*** Material provided Section Begins ***

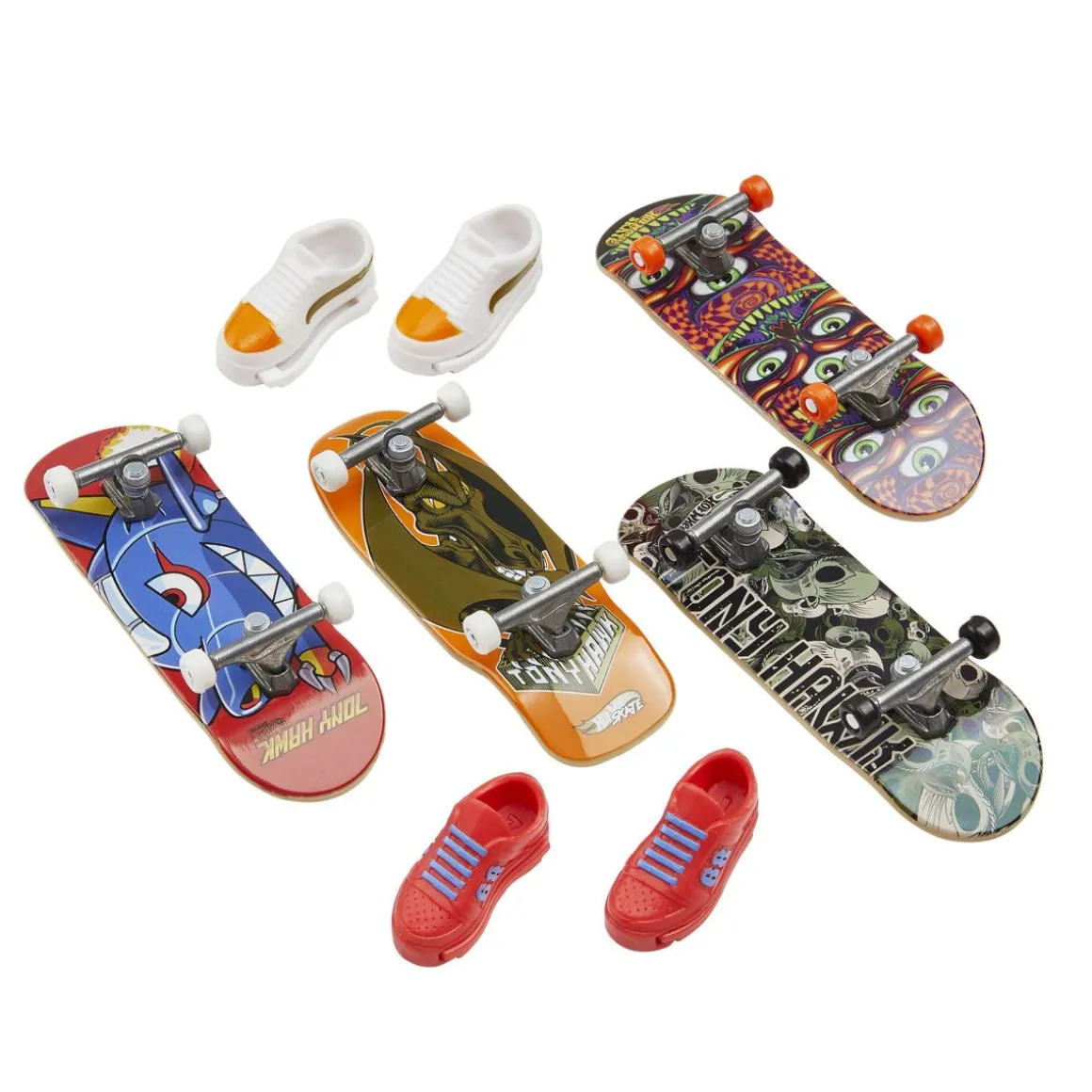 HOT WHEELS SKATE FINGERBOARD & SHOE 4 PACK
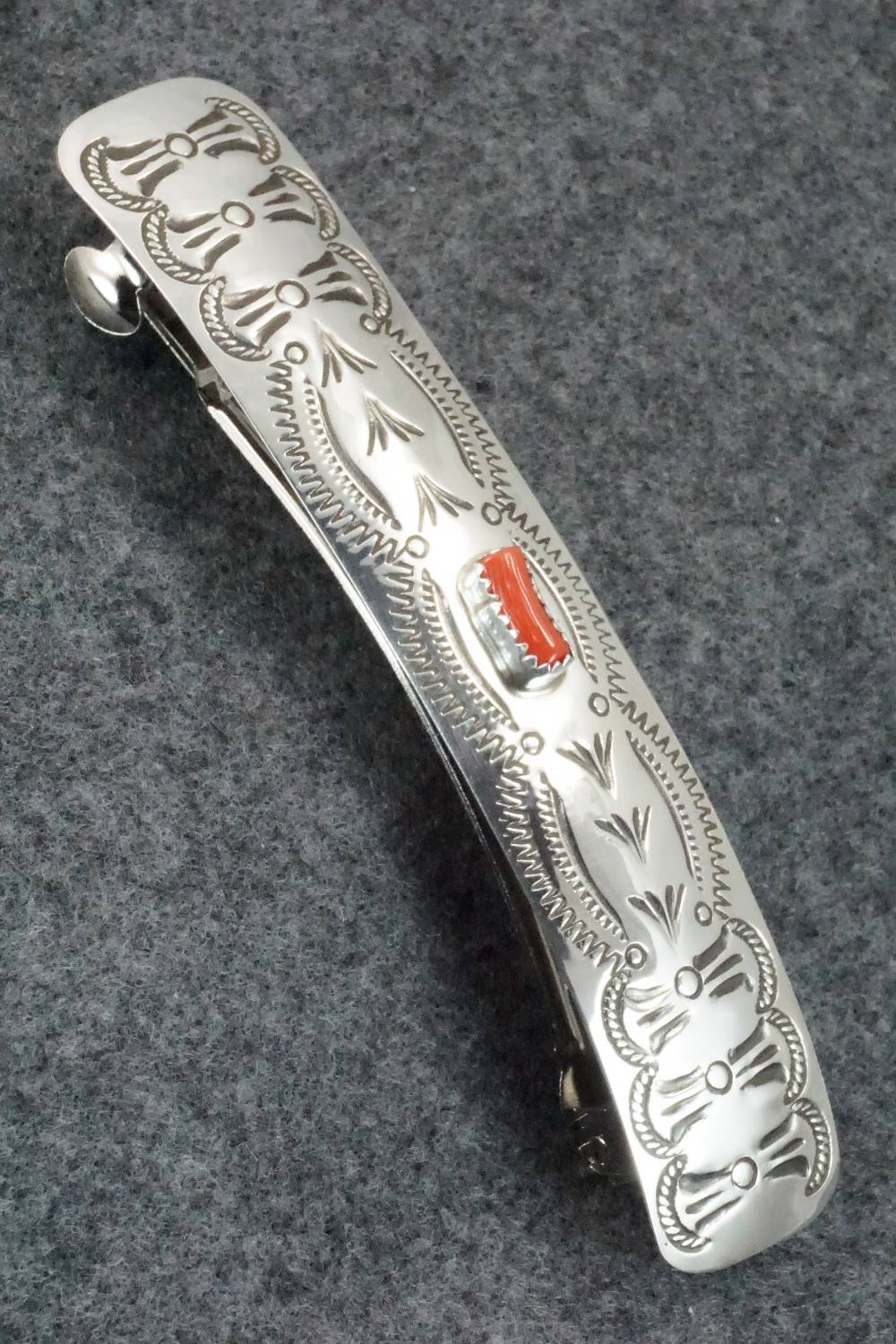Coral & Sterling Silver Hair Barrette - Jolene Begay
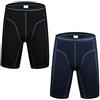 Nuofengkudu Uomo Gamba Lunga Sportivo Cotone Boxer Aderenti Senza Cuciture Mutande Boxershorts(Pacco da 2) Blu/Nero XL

*** Material provided Section Ends ***

(Work order) From the line holding "Coral & Sterling" to the final line of the data above, give each line again exactly, both ends included, and drop the pictures.

(Your response)
Coral & Sterling Silver Hair Barrette - Jolene Begay
 Nuofengkudu Uomo Gamba Lunga Sportivo Cotone Boxer Aderenti Senza Cuciture Mutande Boxershorts(Pacco da 2) Blu/Nero XL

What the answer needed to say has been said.